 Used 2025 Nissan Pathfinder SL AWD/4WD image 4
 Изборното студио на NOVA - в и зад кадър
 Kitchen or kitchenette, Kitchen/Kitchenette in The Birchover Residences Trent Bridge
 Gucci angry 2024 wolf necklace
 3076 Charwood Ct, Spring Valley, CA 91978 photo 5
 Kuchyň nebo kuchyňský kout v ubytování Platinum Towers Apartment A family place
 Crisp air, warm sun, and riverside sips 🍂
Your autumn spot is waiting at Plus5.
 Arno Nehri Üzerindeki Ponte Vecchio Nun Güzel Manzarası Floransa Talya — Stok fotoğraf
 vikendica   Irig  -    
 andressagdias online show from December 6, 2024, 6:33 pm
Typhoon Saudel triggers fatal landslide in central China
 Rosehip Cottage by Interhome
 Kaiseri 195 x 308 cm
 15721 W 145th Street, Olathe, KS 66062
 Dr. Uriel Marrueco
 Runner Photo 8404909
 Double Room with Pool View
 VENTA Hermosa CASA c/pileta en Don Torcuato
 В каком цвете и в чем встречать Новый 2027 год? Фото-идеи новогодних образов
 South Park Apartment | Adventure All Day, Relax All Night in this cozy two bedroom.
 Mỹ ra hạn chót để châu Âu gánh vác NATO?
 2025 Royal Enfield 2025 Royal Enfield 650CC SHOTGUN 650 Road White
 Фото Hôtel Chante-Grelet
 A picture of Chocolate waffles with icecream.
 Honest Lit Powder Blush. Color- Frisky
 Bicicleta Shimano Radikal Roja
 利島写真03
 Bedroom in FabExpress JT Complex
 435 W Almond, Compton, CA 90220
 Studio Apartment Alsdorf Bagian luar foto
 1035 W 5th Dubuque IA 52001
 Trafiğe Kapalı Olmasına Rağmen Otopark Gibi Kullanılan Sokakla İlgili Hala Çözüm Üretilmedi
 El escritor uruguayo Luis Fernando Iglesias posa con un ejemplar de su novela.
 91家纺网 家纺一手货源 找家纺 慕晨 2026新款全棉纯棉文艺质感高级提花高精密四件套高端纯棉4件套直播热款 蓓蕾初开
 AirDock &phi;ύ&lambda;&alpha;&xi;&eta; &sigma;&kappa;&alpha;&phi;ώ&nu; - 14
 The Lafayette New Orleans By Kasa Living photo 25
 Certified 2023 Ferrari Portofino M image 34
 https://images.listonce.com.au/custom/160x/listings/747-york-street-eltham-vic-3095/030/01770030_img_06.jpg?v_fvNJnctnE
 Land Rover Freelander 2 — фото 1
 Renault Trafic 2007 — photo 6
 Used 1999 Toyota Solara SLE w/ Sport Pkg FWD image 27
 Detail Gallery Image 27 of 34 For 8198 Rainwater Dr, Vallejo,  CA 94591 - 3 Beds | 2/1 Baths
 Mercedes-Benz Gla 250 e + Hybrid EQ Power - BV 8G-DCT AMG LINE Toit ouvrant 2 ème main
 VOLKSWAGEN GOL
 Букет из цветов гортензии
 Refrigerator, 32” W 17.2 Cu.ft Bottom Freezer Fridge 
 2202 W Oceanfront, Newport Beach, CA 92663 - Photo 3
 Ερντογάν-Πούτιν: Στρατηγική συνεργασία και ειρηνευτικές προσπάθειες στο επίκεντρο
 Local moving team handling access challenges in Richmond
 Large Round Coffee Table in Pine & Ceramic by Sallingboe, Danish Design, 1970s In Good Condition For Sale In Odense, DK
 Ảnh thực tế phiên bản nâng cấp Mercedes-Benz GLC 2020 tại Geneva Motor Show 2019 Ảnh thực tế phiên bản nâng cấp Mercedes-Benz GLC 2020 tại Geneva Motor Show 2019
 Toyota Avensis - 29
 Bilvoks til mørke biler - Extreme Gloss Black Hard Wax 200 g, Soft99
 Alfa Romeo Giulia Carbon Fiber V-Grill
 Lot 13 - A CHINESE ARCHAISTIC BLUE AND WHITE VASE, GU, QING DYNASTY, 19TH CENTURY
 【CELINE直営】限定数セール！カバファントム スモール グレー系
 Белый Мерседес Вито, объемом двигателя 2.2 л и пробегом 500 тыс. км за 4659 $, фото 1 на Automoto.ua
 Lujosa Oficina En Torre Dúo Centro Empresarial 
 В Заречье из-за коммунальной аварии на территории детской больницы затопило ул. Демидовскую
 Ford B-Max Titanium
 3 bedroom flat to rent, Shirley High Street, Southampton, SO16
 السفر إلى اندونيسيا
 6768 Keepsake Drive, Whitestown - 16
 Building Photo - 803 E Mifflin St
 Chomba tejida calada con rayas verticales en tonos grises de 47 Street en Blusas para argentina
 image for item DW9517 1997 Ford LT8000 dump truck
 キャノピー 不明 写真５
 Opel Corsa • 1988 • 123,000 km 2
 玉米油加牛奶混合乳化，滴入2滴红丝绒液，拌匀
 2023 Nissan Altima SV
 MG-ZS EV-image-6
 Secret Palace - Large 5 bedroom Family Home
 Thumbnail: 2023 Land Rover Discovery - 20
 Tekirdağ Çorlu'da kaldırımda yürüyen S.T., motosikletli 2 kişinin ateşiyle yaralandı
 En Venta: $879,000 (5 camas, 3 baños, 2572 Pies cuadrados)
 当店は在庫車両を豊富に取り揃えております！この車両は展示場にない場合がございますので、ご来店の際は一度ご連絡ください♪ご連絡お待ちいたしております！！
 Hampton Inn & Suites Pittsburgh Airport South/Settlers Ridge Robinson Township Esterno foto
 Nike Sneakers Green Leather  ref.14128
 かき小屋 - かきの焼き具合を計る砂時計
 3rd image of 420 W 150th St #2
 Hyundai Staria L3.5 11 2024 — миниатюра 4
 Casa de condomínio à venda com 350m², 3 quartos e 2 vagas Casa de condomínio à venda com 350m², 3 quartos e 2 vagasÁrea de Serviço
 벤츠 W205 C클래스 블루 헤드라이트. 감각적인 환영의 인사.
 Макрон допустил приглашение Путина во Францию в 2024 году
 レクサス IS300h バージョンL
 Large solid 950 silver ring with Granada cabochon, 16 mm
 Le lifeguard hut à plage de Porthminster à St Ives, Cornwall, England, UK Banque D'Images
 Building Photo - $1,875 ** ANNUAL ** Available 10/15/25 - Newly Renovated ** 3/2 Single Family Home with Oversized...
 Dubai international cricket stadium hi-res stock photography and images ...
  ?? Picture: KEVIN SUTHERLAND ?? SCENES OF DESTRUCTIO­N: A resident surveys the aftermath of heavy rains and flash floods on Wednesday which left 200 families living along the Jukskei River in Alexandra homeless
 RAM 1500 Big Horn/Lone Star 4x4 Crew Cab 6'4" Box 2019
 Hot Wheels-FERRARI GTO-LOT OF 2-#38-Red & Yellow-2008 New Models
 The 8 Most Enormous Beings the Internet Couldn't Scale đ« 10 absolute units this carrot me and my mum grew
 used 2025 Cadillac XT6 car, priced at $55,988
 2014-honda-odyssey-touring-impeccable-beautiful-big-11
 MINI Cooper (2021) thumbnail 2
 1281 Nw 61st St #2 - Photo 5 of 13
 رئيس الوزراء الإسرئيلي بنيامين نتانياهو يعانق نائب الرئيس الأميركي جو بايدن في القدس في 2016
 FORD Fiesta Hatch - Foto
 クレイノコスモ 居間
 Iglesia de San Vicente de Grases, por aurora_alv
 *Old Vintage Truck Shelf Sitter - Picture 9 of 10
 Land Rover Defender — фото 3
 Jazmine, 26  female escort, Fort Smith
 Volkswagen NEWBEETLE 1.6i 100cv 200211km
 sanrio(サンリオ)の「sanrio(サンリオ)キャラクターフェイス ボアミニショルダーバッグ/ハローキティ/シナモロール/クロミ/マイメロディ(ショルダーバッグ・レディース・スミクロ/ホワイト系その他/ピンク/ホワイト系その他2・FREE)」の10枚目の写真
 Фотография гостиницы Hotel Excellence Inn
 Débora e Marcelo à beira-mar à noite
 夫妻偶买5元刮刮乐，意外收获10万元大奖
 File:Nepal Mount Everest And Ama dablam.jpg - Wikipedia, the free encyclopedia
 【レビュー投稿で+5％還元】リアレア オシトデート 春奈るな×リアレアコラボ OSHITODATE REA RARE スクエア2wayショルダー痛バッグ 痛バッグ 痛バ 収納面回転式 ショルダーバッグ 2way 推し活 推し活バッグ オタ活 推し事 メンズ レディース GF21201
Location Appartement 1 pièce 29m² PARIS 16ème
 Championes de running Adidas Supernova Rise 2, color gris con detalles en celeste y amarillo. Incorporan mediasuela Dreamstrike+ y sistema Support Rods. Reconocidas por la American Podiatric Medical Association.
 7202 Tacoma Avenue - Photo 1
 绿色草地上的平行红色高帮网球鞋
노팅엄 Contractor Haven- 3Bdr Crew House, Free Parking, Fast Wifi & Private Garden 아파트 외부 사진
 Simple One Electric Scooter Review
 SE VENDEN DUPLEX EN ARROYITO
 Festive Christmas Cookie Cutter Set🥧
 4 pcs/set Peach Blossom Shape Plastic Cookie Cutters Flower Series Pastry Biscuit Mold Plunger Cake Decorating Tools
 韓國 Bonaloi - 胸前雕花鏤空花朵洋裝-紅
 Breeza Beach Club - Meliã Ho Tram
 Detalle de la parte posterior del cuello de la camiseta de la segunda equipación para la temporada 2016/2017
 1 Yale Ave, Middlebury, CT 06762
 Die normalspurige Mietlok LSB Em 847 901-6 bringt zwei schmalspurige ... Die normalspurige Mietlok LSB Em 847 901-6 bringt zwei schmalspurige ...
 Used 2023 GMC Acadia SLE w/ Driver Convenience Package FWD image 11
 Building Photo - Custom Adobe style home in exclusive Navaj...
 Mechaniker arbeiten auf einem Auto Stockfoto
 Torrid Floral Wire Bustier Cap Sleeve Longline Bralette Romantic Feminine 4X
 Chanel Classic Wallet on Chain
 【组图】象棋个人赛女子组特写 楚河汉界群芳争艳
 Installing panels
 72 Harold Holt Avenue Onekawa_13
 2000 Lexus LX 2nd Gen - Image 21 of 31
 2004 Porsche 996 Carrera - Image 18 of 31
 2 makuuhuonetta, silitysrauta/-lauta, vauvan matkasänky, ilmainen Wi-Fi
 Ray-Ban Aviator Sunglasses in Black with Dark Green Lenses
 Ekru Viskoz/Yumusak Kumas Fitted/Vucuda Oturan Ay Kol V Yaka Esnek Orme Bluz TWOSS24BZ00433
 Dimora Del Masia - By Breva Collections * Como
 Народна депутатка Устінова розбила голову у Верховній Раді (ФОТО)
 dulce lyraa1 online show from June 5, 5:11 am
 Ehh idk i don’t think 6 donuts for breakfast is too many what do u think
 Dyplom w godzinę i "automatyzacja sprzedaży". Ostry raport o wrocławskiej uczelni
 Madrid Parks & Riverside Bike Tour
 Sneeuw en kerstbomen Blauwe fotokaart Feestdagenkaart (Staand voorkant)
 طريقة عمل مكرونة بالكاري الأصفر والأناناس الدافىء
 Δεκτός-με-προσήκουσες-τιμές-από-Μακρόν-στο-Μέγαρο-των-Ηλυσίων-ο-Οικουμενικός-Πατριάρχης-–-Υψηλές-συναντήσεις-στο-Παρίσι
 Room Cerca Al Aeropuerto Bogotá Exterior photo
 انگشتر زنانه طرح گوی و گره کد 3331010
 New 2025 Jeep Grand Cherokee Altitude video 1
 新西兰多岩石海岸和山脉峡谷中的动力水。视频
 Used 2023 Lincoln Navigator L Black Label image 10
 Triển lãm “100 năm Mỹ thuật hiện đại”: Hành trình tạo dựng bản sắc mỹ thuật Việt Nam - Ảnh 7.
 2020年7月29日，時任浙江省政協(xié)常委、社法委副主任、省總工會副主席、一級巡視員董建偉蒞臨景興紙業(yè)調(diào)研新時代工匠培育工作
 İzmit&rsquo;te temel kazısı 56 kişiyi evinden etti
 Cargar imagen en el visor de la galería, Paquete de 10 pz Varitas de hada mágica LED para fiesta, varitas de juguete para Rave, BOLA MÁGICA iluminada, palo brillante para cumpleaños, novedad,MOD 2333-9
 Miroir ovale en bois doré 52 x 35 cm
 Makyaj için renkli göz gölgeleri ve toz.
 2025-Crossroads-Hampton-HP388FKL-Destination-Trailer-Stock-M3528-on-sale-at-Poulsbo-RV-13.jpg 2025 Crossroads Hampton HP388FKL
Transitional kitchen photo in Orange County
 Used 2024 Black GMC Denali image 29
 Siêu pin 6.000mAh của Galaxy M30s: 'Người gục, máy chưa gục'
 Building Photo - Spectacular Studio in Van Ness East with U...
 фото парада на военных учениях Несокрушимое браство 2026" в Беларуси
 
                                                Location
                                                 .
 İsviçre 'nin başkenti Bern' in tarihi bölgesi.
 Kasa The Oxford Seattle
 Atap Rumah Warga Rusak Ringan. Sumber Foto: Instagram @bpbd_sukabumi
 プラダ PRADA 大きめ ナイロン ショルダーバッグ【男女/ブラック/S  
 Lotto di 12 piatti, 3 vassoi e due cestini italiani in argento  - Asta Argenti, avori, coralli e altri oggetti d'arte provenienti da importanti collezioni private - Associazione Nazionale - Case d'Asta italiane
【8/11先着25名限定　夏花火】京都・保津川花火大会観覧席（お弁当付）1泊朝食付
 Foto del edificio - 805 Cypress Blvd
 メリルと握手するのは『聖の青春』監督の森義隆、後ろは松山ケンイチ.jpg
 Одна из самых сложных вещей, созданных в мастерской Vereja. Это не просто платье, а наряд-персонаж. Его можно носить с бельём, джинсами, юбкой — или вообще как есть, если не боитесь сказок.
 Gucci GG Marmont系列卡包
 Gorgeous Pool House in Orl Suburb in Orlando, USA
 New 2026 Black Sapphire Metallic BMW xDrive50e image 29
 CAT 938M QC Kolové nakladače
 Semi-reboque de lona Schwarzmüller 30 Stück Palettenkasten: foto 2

════

### [GOAL OF THE EXERCISE]
The lines above that hold the word "Benz" are the ones to copy.

### [RESPONSE TO THIS EXERCISE]
 Mercedes-Benz Gla 250 e + Hybrid EQ Power - BV 8G-DCT AMG LINE Toit ouvrant 2 ème main
 Ảnh thực tế phiên bản nâng cấp Mercedes-Benz GLC 2020 tại Geneva Motor Show 2019 Ảnh thực tế phiên bản nâng cấp Mercedes-Benz GLC 2020 tại Geneva Motor Show 2019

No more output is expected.